◆ Material supplied:
= = =
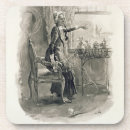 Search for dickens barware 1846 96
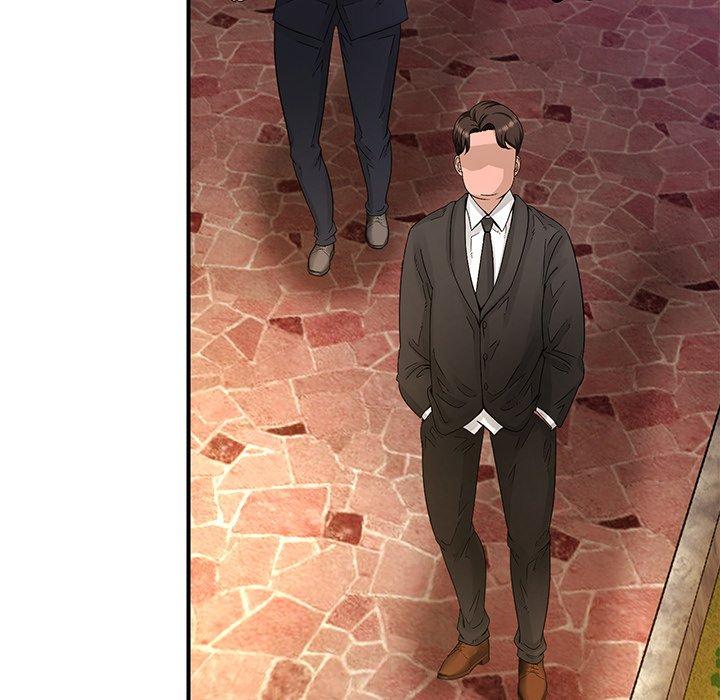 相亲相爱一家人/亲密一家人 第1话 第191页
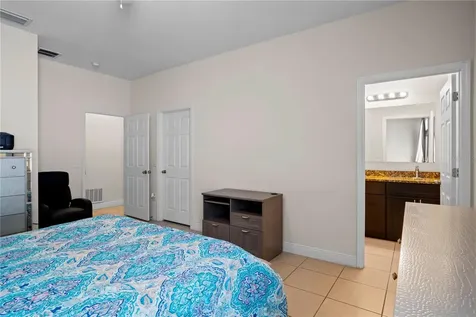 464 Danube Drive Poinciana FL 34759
= = =
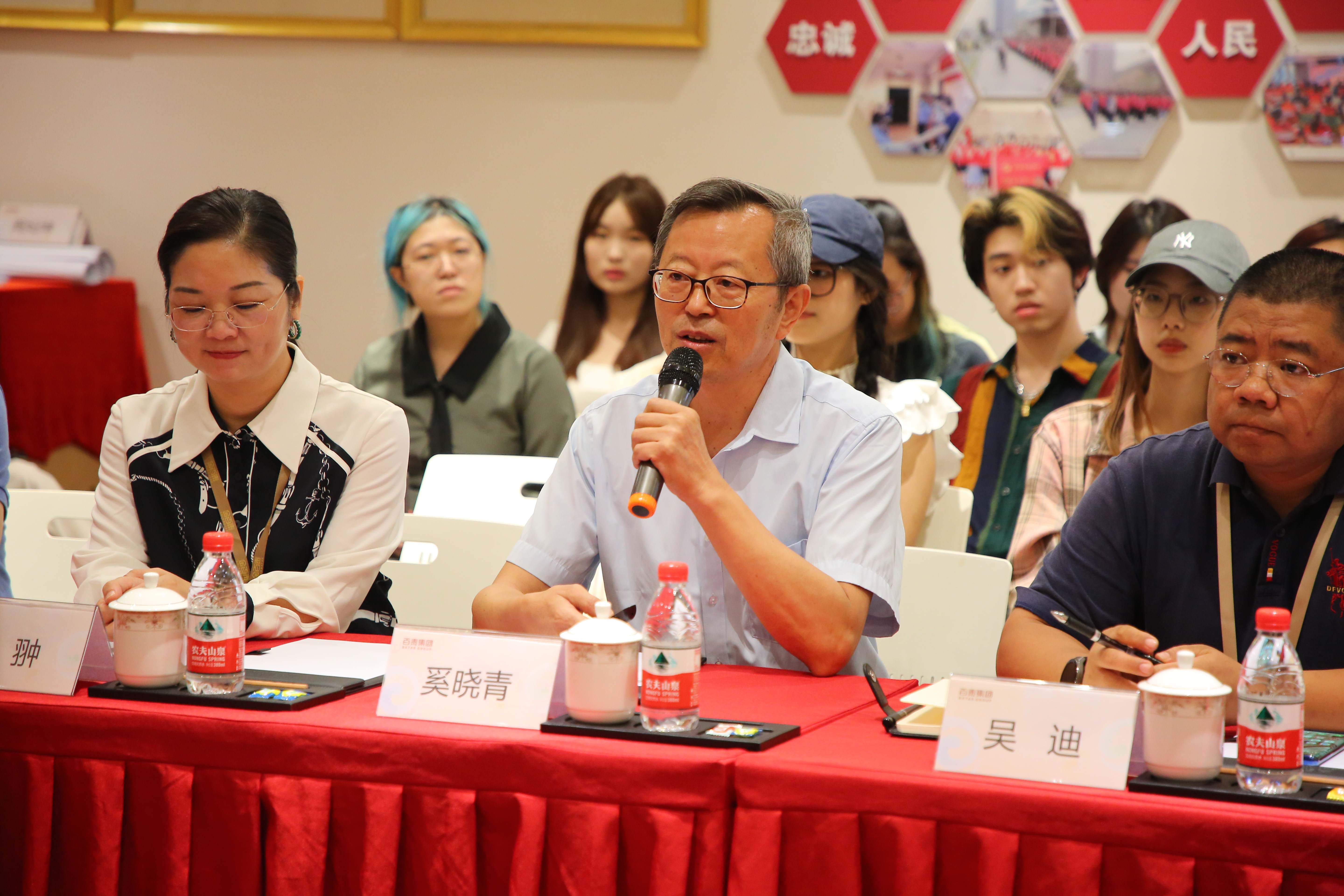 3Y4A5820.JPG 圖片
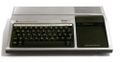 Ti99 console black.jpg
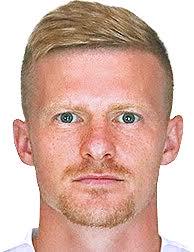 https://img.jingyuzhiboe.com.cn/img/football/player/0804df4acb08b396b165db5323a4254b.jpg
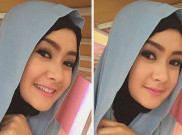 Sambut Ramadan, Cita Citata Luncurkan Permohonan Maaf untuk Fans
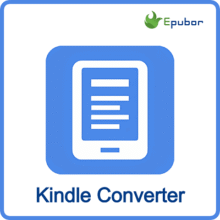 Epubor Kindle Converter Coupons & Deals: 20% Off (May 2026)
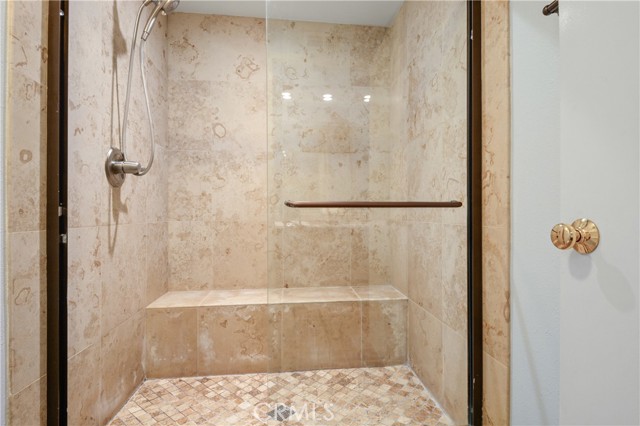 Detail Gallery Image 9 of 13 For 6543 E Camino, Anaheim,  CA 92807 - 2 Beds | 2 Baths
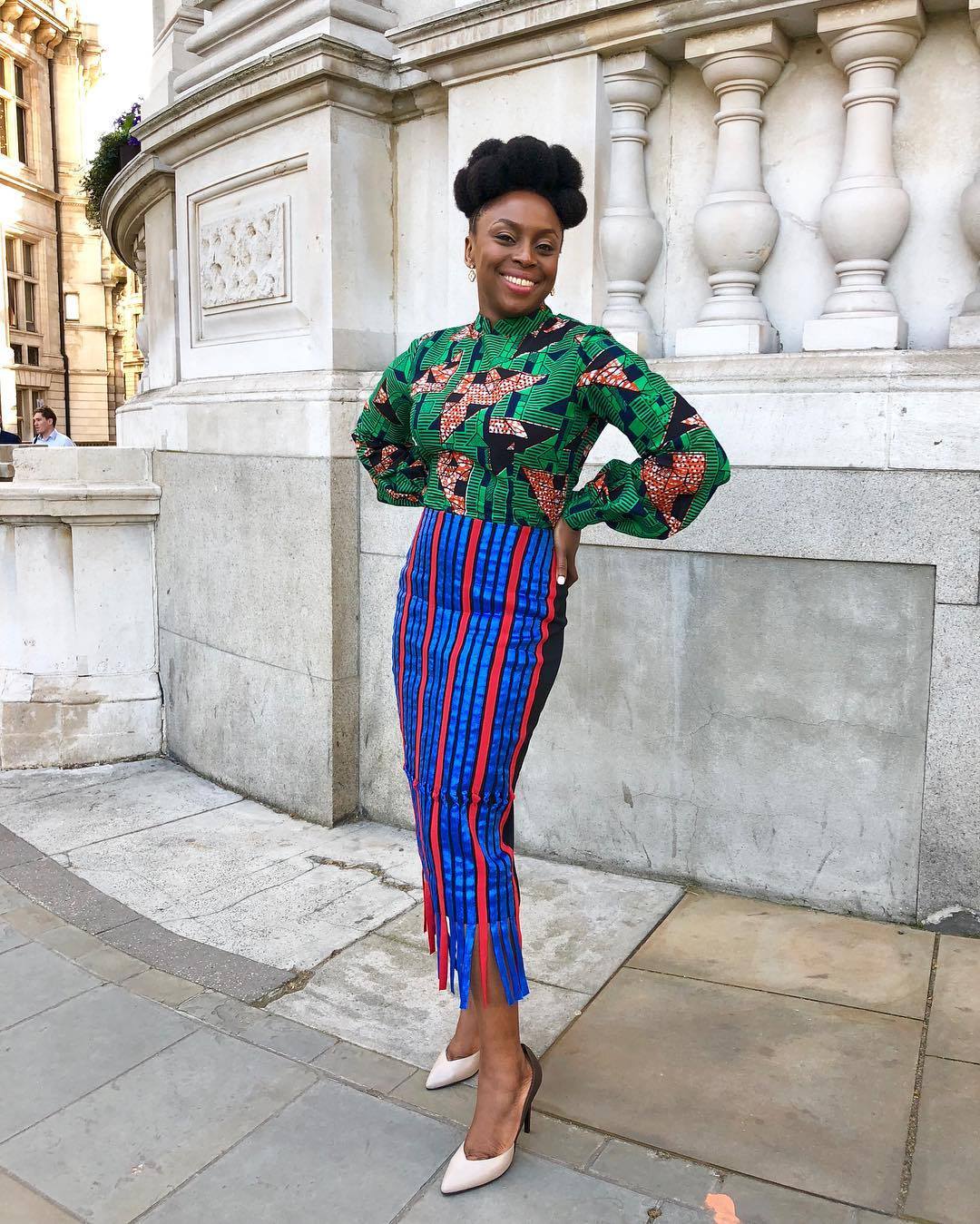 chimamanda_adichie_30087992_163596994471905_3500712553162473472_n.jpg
= = =
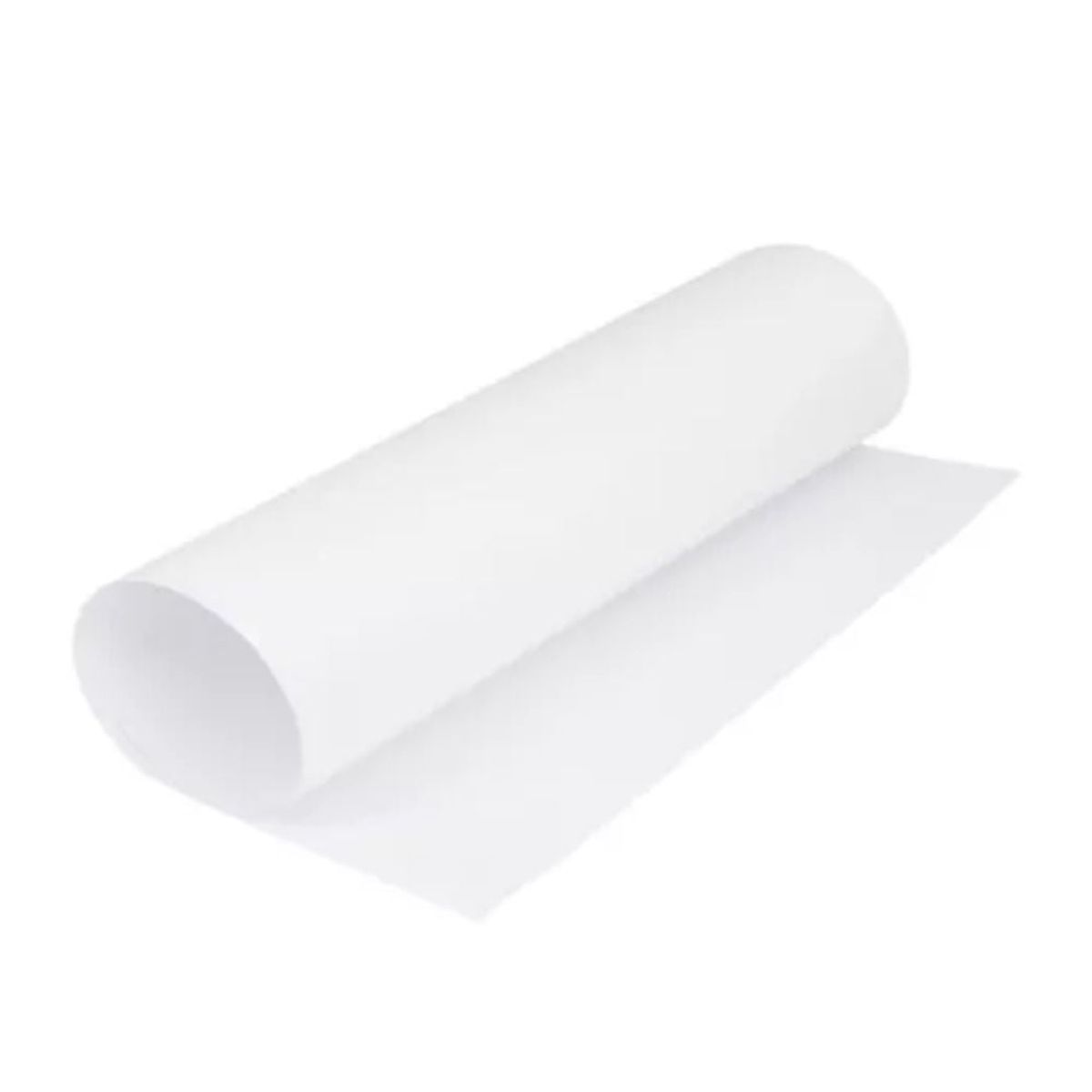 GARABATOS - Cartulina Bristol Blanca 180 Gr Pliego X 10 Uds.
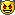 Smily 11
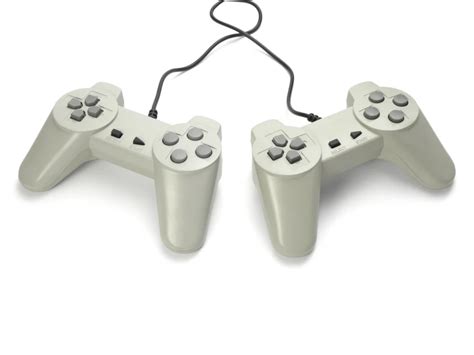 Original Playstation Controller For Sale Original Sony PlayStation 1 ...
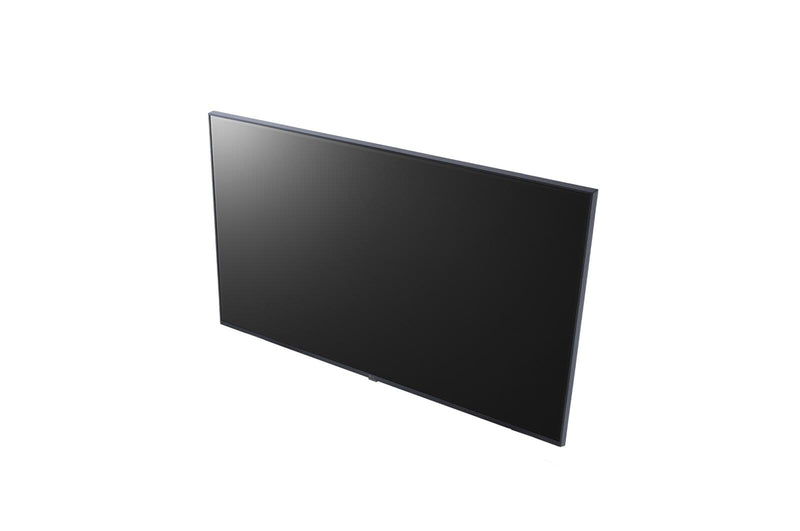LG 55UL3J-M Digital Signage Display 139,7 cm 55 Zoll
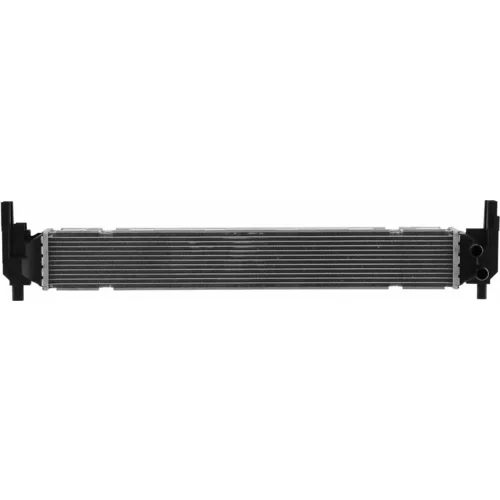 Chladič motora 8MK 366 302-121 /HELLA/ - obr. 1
= = =
◆ What the task asks: Begin at the line in the entries above that has "Search for dickens barware 1846 96", stop after the line that has "464 Danube Drive Poinciana FL 34759", and output exactly those lines without pictures.

◆ Result:
 Search for dickens barware 1846 96
 相亲相爱一家人/亲密一家人 第1话 第191页
 464 Danube Drive Poinciana FL 34759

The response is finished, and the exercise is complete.